To compile our research, we used the most recent Ministry of Justice figures, assessing the number of cases heard in the UK’s top 20 county courts.
The Section 8 form to evict a problem tenant can be served by the landlord but must be completed correctly to avoid unnecessary delays. The date on which the notice expires should be stated clearly, which is the date by which rent arrears must be paid, or the property must be vacated by. By our estimations, in 60% of cases the tenant does leave or pay before this date. When the tenant refuses, the landlord can start possession order proceedings.
These figures are based on cases heard in court, however there will be many more in the system still waiting to be resolved. Our team has seen delays of up to 10 months while waiting for a possession order to be granted, which presents huge issues for landlords, particularly since the problems that landed the case in court will be worsening, not to mention the stress and additional expense for the landlord. We have seen the number of possession orders rise year-on-year – and now the government has announced that Section 21 is to be abolished – we’ll undoubtedly see more cases coming to court, adding further pressure to an already overstretched system.
Landlords in Manchester may be surprised to see the city top the list, however if we were to combine the figures listed separately for each London borough and treat the capital as a whole, as you’d expect, London would lead.
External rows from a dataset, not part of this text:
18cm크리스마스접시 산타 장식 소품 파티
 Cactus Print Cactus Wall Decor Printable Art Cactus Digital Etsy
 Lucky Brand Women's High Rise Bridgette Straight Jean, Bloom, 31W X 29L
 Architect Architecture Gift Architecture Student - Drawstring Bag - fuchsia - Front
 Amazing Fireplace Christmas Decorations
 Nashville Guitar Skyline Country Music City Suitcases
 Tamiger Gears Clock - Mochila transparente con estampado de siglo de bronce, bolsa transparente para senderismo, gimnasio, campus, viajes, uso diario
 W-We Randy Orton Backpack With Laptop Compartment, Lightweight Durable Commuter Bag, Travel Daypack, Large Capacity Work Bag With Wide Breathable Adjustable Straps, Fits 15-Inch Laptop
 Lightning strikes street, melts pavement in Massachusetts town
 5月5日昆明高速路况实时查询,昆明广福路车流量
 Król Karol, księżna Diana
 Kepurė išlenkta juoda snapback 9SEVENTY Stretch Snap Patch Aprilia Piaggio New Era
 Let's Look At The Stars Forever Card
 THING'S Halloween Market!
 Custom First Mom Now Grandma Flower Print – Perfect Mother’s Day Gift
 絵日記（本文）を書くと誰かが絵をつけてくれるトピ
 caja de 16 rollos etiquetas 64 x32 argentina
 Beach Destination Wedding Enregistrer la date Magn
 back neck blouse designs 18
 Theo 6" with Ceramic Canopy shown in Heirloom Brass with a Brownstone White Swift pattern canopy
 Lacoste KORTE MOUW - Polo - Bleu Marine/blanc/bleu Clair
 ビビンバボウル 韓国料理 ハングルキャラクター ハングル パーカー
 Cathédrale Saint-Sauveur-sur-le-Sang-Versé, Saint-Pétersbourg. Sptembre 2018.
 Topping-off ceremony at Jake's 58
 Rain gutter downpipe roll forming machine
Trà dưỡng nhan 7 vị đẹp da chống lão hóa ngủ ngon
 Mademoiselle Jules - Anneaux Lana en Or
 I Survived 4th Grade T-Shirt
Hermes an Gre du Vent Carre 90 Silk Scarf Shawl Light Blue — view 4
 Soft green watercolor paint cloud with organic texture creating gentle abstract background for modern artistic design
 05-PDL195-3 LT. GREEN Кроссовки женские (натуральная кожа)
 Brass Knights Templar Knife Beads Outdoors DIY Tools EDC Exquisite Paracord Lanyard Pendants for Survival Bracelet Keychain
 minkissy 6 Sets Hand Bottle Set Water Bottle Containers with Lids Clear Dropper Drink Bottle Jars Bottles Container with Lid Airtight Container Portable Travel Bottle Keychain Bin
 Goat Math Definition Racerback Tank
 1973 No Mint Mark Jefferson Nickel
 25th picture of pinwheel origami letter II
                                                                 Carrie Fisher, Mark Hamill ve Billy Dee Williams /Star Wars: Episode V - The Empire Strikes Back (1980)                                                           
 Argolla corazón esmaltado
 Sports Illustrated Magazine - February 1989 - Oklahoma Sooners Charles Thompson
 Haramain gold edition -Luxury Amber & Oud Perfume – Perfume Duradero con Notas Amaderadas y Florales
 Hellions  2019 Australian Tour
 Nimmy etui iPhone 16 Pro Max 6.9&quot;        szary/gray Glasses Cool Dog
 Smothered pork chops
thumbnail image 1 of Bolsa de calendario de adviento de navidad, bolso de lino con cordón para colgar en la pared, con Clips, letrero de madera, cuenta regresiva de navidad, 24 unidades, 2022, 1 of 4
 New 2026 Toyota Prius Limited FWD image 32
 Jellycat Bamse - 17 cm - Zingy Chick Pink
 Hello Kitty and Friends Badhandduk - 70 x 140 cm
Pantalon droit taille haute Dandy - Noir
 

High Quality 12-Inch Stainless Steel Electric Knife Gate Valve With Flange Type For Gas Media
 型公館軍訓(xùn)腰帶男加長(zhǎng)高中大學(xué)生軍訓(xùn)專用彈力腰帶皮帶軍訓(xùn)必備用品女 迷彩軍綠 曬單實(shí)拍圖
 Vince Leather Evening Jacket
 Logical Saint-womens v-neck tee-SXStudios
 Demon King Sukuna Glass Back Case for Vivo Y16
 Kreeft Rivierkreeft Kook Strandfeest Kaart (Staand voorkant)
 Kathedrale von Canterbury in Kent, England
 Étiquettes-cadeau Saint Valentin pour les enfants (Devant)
Nevertheless, it appears that landlords in the North West are seeing proportionately more cases coming to court than their peers across the rest of the country.
Unfortunately, we are still finding that landlords are failing to act quickly enough when dealing with unpaid rent, in particular. Generally, issues like criminal activity, anti-social behaviour or damage within the property elicit a speedier response from landlords, but arrears are usually the first ‘red flag’, before leading onto other issues. Taking swift action significantly increases the chances of finding a positive resolution, keeping disputes out of court.
It isn’t unusual for landlords to be accused of harassment – with a variety of allegations relating to that – when cases reach court, which delays matters further. Landlords should take advice on communicating with tenants appropriately throughout disputes, preferably with a letting agent or other representative managing matters on their behalf. Although usually without merit, the allegations can push things down the line for months, so it’s something landlords need to be aware of.